Let's Put Foreign Policy on the Front Burner in the Presidential Race
What did the Iowa victors have in common? Pakistan! As in, neither Mike Huckabee nor Barack Obama know much of anything about it.
So what did Iowa voters, left and right, have in common? They didn't care.
And hopefully that's a mistake New Hampshire voters and those in the states that come after don't make.
I don't expect much from the Democrats' camp: Barack Obama wants to invade Pakistan, jack up everything, screw up the world, but it's OK because he's a change, according to Iowa folks. In Saturday's debate, other Dems suddenly hopped on the same bandwagon, with Hillary Clinton at least cautioning that you should warn Pakistan first so they don't think it's India starting a war and nuke the bejeezus out of each other. But it's disturbing to see the GOP ticket turning into a foreign policy wasteland, with comments such as Huckabee's.
"President Bush didn't read it for four years; I don't know why I should read it in four hours," the quipmaster said about his ignorance of the National Intelligence Estimate on Iran.
In response to the assassination of Benazir Bhutto, which quickly became every candidate's political football du jour, Huckabee said, "In light of what happened in Pakistan yesterday, it's interesting that there are more Pakistanis who have illegally crossed the border than of any other nationality except for those immediately south of our border."
Yet from CNN: "But the Border Patrol (said) it apprehended only 'a handful' of illegal immigrants from Pakistan in 2007. The number of illegal immigrants from Pakistan deported or apprehended is not mentioned in the latest report from the Department of Homeland Security/Office of Immigration Statistics. In 2005, the nation did not make the list of the
top 10 sources of illegal immigrants. The previous year, Pakistan was the last country listed, but no specific numbers were given."
Hucakbee's goofs didn't stop there: Martial law had been lifted before Bhutto's death, Pakistan shares its western border with Afghanistan, you know the rest.

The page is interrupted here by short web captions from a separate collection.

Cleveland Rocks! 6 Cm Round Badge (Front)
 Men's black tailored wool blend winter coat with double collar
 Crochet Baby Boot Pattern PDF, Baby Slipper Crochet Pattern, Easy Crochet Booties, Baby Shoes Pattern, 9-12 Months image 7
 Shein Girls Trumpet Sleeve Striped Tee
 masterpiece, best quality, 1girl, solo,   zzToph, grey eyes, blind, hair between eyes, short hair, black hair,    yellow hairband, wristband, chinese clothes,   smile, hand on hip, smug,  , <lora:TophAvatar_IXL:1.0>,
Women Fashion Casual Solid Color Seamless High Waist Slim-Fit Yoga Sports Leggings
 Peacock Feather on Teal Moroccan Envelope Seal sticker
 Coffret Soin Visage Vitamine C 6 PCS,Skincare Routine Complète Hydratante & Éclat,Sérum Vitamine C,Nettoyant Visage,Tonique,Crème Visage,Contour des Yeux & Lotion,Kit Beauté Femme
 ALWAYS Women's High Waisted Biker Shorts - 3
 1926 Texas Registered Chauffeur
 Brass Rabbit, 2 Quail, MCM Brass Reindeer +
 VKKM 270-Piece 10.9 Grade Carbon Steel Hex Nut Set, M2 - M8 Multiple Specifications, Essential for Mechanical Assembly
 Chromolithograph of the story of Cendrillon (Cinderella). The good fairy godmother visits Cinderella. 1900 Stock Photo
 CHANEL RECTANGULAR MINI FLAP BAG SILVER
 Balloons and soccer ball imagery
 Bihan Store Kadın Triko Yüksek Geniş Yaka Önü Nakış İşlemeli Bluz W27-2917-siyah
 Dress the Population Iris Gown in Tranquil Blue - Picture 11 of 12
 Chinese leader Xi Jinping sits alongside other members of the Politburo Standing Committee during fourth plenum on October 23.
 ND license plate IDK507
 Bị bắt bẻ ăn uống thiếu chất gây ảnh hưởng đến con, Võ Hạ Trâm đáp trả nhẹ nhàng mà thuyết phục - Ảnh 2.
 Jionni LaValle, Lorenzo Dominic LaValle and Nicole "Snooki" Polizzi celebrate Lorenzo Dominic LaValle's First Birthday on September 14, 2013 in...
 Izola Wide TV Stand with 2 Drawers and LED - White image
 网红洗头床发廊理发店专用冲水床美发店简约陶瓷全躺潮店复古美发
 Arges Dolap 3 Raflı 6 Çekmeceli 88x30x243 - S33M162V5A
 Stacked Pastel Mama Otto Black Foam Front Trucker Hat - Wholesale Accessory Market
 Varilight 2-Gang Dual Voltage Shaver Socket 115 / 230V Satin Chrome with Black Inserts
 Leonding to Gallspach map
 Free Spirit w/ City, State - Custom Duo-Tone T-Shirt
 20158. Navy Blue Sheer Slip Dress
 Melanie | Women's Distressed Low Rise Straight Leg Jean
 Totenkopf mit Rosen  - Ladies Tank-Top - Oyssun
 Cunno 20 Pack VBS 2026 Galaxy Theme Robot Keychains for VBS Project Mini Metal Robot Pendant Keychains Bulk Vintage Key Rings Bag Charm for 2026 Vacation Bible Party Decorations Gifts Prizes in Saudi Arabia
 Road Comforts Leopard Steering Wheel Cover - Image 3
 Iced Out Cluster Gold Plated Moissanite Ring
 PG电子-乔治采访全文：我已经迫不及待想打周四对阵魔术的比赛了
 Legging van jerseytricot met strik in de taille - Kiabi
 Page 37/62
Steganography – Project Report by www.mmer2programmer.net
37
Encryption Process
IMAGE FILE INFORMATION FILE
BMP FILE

As Iowa voters were preparing to go to the caucuses last Thursday, I was sitting in the Pakistani consulate in Los Angeles, chatting with Consul General Syed Ibne Abbas. I asked him about Obama's invasion strategy ("it was not taken very well") and Huckabee's assertion of mass Pakistani illegal immigration.
Abbas took a breath. "I don't want to comment, but I would say that he needs to get his geography correct!"
The Huckman is hardly alone. Mitt Romney's immediate response to the Bhutto slaying was a bizarre preemptive passing of the buck: "If the answer for leading the country is someone that has a lot of foreign policy experience, we can just go down to the State Department and pick up any one of the tens of thousands of people who spent all their life in foreign policy."
Romney likened the presidential office to a CEO post where one can simply put together "a great team of people to be able to guide and direct them to understand what decision has to be made."
The president of the United States can't just lean on a stable of "yes"-men to make key foreign policy decisions. Nor can voters take for granted that just any candidate will be suitable in this area in these troubled times.
Going into Iowa, a Dec. 19 Washington Post-ABC News poll asked likely Republican caucus-goers to name the single most important issue in their vote; foreign policy came in at less than 0.5 percent.
The poll also asked which candidate "best understands the problems of people like you." But the next president needs to have a firm understanding of the problems of people who aren't like you to both keep the nation safe and to ensure the United States is a productive, proactive leader in the global community instead of an isolated sitting duck.
Foreign policy is not just the territory of snooty wonks with personal agendas to grind. Tucked away in America's heartland, it may be easy to forget that assassinations far away, Hugo Chavez's political shell games, extremism in the U.K., or the machinations of Iran affect the future of our country and its friends as well. It affects whether, in the future, sons and daughters in uniform will be able to fight effectively (like if enough troops had been sent into Iraq from the beginning), as well as when they might have to fight again.
Foreign policy can buoy the conscience of this nation -- or, if we turn our backs on the Rwandas of the future and the like in the form of an immorally non-interventionist policy, it can decimate the conscience of our nation.
Let's just hope that, from here on out, GOP voters put foreign policy on the front burner. Otherwise, how do you say "doh!" in Urdu?
Bridget Johnson is a columnist at the Los Angeles Daily News.